Established a scant half century ago, the Canadian War Museum has a mandate to document, examine and present our national military heritage to the people of Canada, about 200,000 of whom grace its halls annually. If the Museum is to be anything more than a collection of trophies or a veterans’ touchstone, this story must be interestingly told with historical balance, accuracy and dignity. It is hoped that the following brief account of a recent exhibit will illustrate how this goal is sought and, occasionally, accomplished.

The lack of a Korea Gallery in the national military museum was not an intentional slight against those 25,000 Canadians who served in the United Nations police action. The exhibit “philosophy” prior to the 1980s tended to focus on commanders and technology of the world wars, at the expense of later events like peacekeeping and the Cold War. Allusions to Koera were found in art shows and weapons displays, but a didactic exhibit on the Canadian experience in Korea had to wait until forty years after the conflict.
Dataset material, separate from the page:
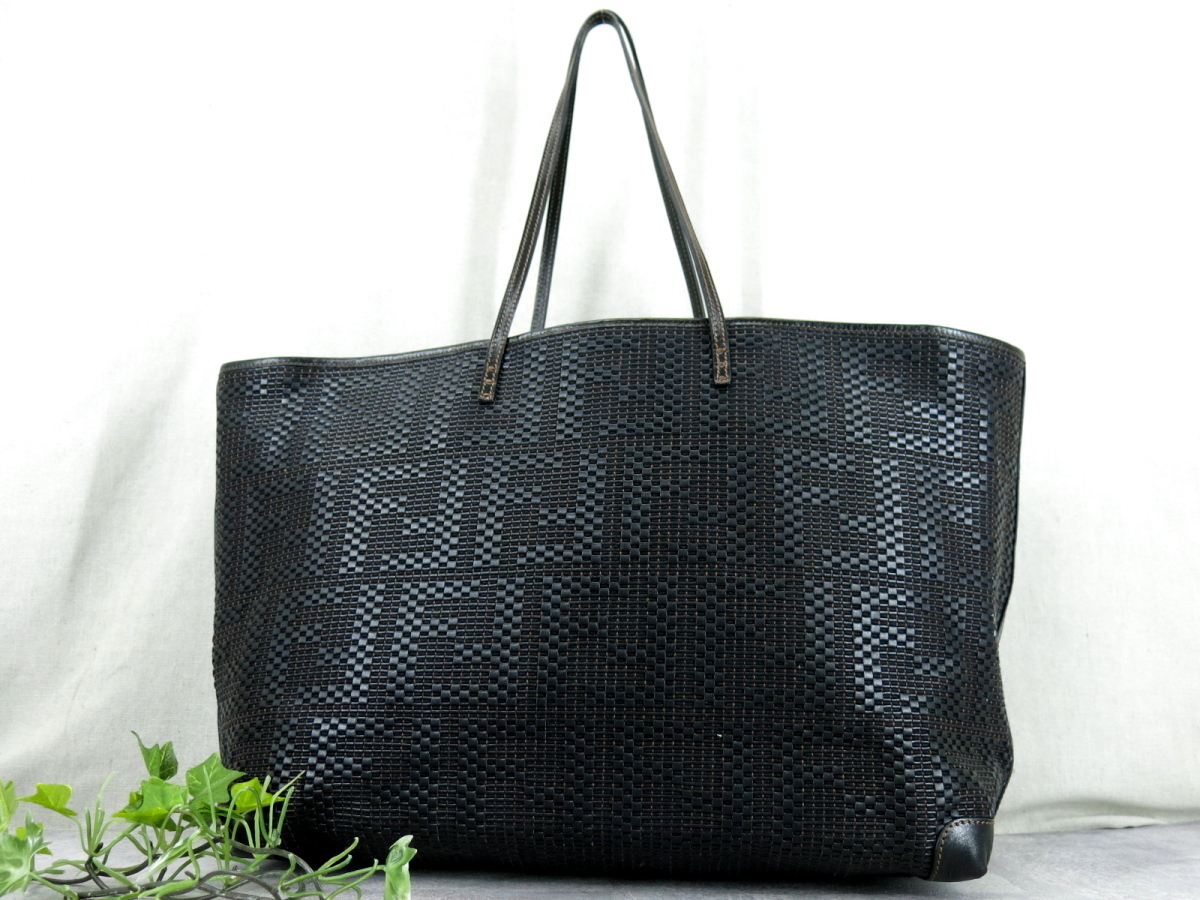 ○美品○FENDI フェンディ○ズッカ○PVC カーフ レザー 本革○トート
The primary reason for building the Korea Gallery was to fulfil the Museum’s mandate and complete the chronological storyline of Canada’s military experience. The guiding precepts were to present an attractive, historically-balanced exhibit that would also link the existing Second World War Gallery with the proposed permanent exhibit, “Canada’s Peacekeepers” (oepning in June 1996). The timing of the project was fortuitous in that it immediately preceded government cutbacks which reduced the staff by nearly 30 per cent.